→ **How to complete this task**:
Exact wording is needed for every line from the one holding "Coldwater Laundromat |" to the end of the records below; write those lines out and omit the pictures.

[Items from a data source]
[Start of Attachment]

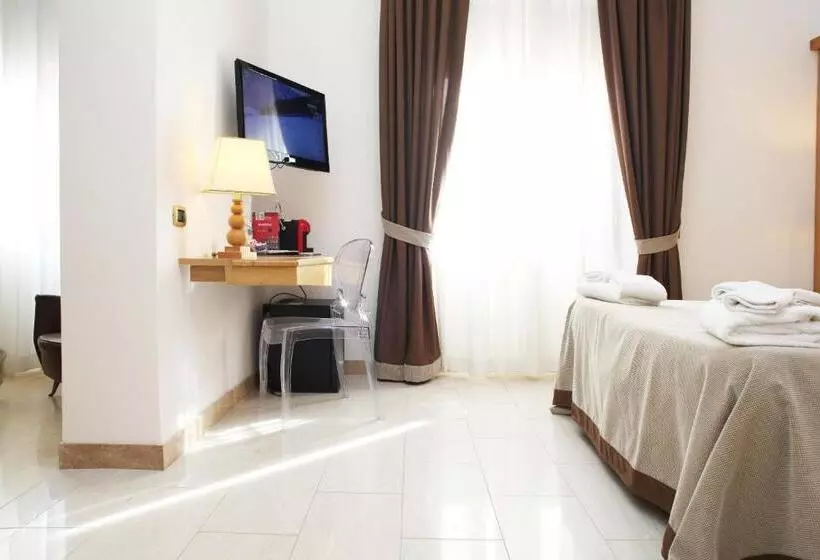 酒店 Albergo Russo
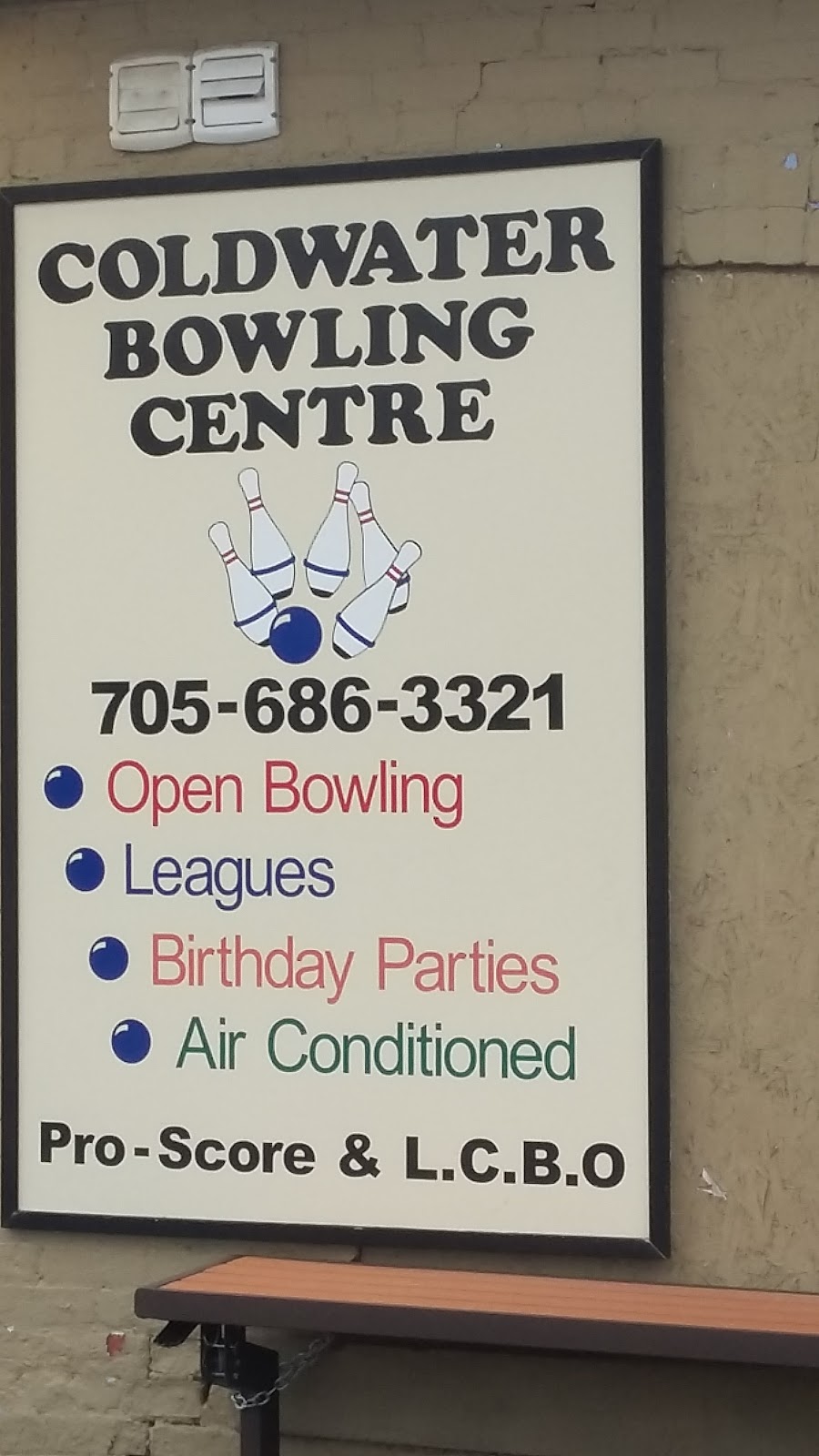 Coldwater Laundromat | 19 Michael Anne Dr, Coldwater, ON L0K 1E0, Canada | Phone: (705) 686-3321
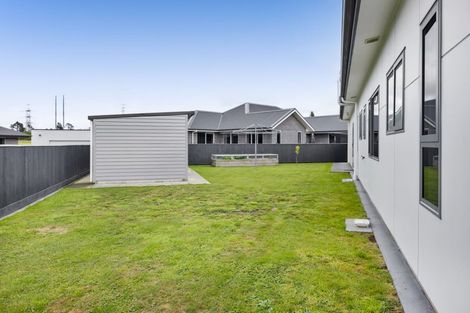 Photo of property in 7 Mercade Close, Stratford, 4332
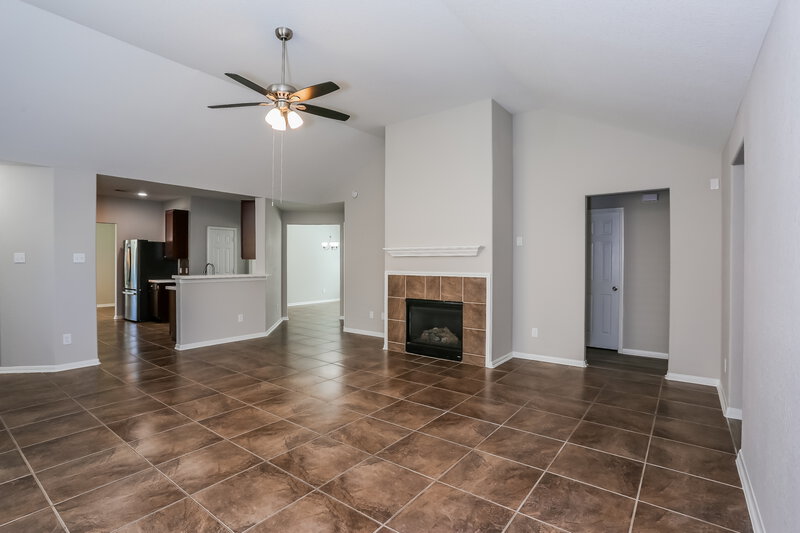 1,970/Mo, 5202 El Tigre Ln Baytown, TX 77521 Living Room View 2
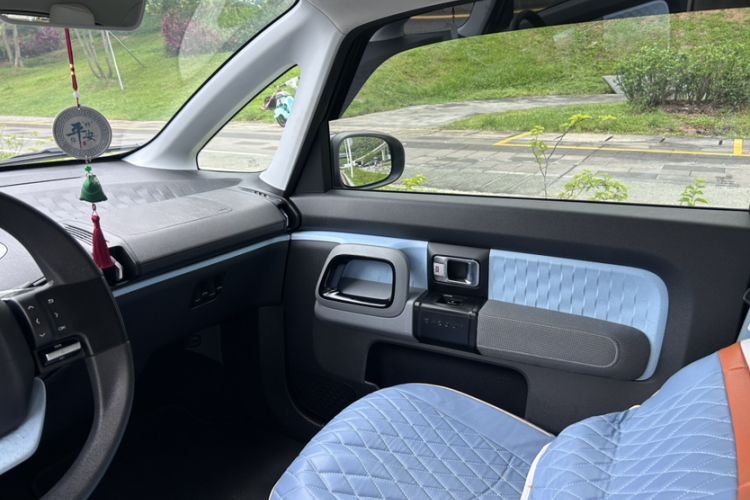 Used Baojun E300 2020 Plus Interstellar Future Edition Interior 2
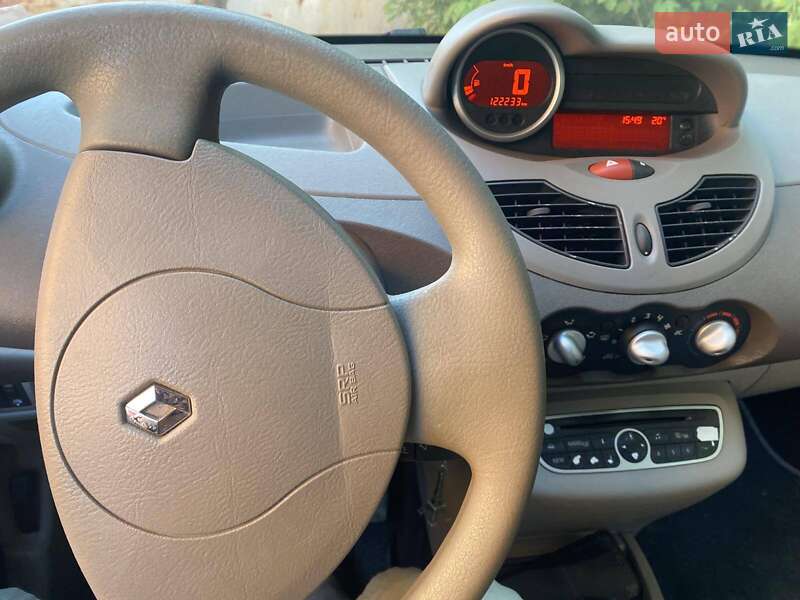 Хэтчбек Renault Twingo 2010 в Ивано-Франковске фото 5 Хэтчбек Renault Twingo 2010 в Ивано-Франковске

[End of Attachment]

→ **Written solution**:
 Coldwater Laundromat | 19 Michael Anne Dr, Coldwater, ON L0K 1E0, Canada | Phone: (705) 686-3321
 Photo of property in 7 Mercade Close, Stratford, 4332
 1,970/Mo, 5202 El Tigre Ln Baytown, TX 77521 Living Room View 2
 Used Baojun E300 2020 Plus Interstellar Future Edition Interior 2
 Хэтчбек Renault Twingo 2010 в Ивано-Франковске фото 5 Хэтчбек Renault Twingo 2010 в Ивано-Франковске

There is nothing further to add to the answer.